The required output is the lines below from the line containing "Plug Play 12v" to the line containing "NWT J. Crew", inclusive, retyped exactly. No other lines belong in it.

*Supplied information*
++++++++++++++++++++

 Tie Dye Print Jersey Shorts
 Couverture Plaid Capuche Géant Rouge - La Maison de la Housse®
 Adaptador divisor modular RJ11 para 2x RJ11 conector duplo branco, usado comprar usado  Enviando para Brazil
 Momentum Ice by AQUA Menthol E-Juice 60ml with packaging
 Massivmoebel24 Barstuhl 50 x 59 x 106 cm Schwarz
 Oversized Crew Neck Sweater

++++++++++++++++++++

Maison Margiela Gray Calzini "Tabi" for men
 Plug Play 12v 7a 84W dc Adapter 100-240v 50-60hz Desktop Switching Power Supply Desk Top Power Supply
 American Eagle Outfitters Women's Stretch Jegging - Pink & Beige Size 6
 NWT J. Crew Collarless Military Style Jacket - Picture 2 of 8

++++++++++++++++++++

*Exercise result*
 Plug Play 12v 7a 84W dc Adapter 100-240v 50-60hz Desktop Switching Power Supply Desk Top Power Supply
 American Eagle Outfitters Women's Stretch Jegging - Pink & Beige Size 6
 NWT J. Crew Collarless Military Style Jacket - Picture 2 of 8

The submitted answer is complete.